In Fig. 2A, the correlation coefficient plots illustrate the strong correlation between the two-dimensional features and phenotype factors. Specifically, the number of associated clonetypes shows significant relevance to the phenotype, particularly in relation to glioma. This is further confirmed by the box graphs, which reveal a higher number of associated clonetypes in glioma patients compared to healthy individuals. Based on these findings, we construct classifiers using the two-dimensional extracted features from each sample. The data is analyzed using 8 classical classifiers, 4 ensemble learning algorithms, and 2 neural network algorithms. The resulting ROC curves are combined in Fig. 2D, demonstrating that these algorithms achieve excellent classification performance in the two-dimensional data. Some algorithms even achieve an AUC of 1, indicating perfect classification. This highlights the effectiveness of the two-dimensional feature extraction method for diagnosing glioma. In Fig. 2E–J, we present the decision boundaries corresponding to several algorithms that exhibit good classification results.

Figure 2
figure 2

(A) displays correlation coefficient plots illustrating the relationship between the two-dimensional features and phenotype factors. (B,C) present Box plots showcasing the unique TCRβs and associated TCRβs, respectively, both of which exhibit high relevance to the phenotype. (D) showcases ROC curves for the two-dimensional datasets with a P-value cutoff of 0.001, demonstrating high AUC values. (EJ) shows the decision boundaries of various algorithms at different P-value cutoffs.

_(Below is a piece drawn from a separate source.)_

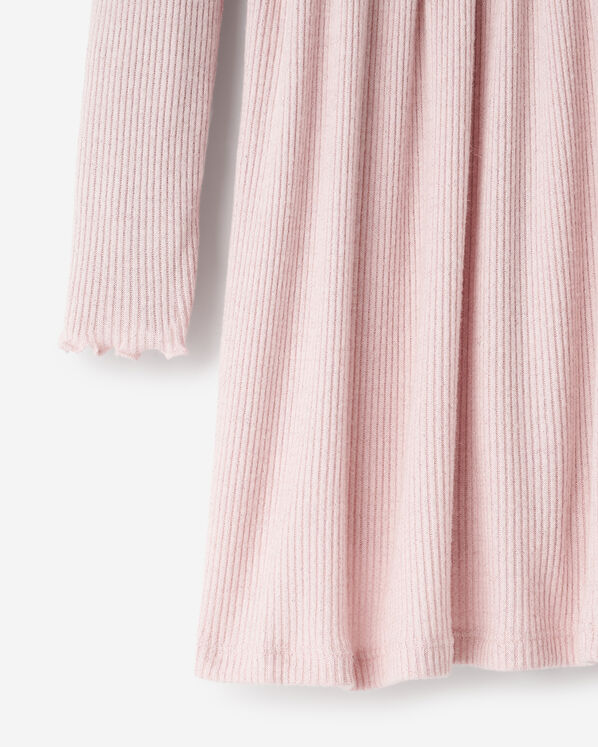 Girls Cooper Sparkle Rib Dress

Multidimensional classification algorithms on TCR sequences

The multidimensional dataset of TCR β sequences uses 0–1 format data to represent the presence of each sequence in each sample. If the data equals 0, the sequence is absent in the subject, else the sequence exists in the sample. Multidimensional classification algorithms were applied to analyze the tabular data frames of glioma, which contained information on the presence or absence of relevant TCRβs. Several classification algorithms were used, including random forest, support vector machine with linear and polynomial kernel functions, logistic regression, linear discriminant analysis, Bayesian algorithm, GBDT, XGB, and decision tree algorithm.

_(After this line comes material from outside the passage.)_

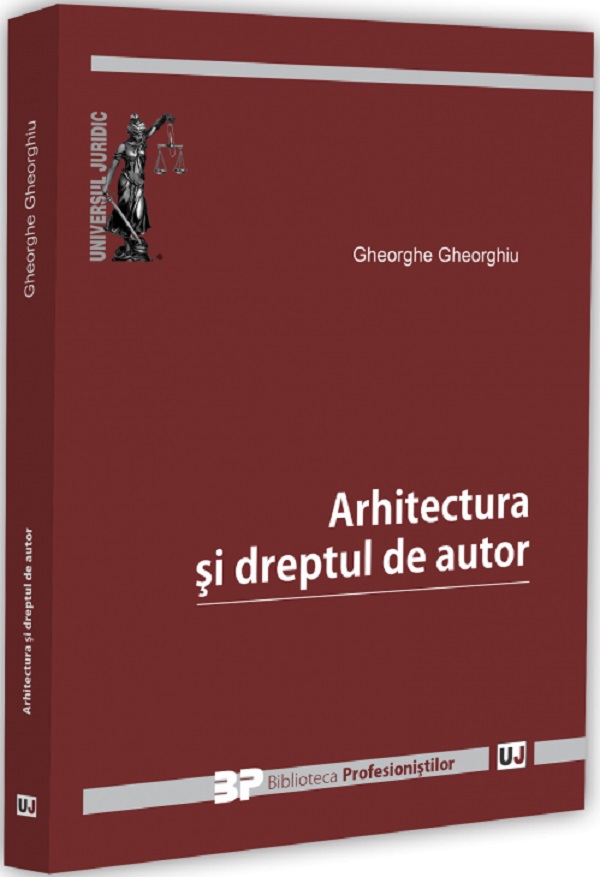 Cartea Arhitectura și dreptul de autor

If the data used to train machine learning models varies in quality, the predicted results may be inaccurate or misleading17. To identify marker sequences specific to glioma while using fewer markers and maintaining high accuracy, feature selection techniques were employed. Fisher’s exact test, a commonly used method in bioinformatics, was utilized for feature selection. By applying different cutoffs for Fisher’s exact test, groups of sequences with varying degrees of relevance to gliomas were identified. These sequences were then incorporated into the classification algorithm system to achieve higher classification accuracy using a reduced number of sequences. This approach allows for the identification of marker sequences specifically associated with glioma. The exact classification result of each algorithm is presented in the Supplementary Table 2.

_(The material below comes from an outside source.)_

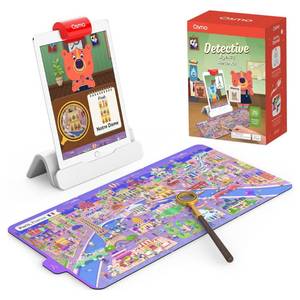 lot 86381 image: Osmo Detective Agency iPad Starter Kit - Retail $40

Figure 3A presents a Venn diagram depicting the intersection of sequence species between the healthy and glioma patient groups. It is evident that the sequences in the two groups exhibit high divergence, with only a small fraction being common to both.

Figure 3
figure 3

(A) presents a Venn diagram illustrating the intersection of sequence species between the healthy and glioma patient groups. (B) shows the AUC (Area Under the Curve) obtained from 602 sequences with a cutoff value of 0.001. (C) displays a tabular dataset with multidimensional columns, where each column represents 0–1 data indicating the presence or absence of TCR β sequences in the samples. A value of 1 signifies the presence of the sequence, while 0 indicates its absence. (D) presents correlation coefficient graphs corresponding to the multidimensional datasets at a P-value cutoff of 0.001. (E) is a bar chart illustrating the importance of the TCR β sequences, with the values corresponding to the P-values of 0.001.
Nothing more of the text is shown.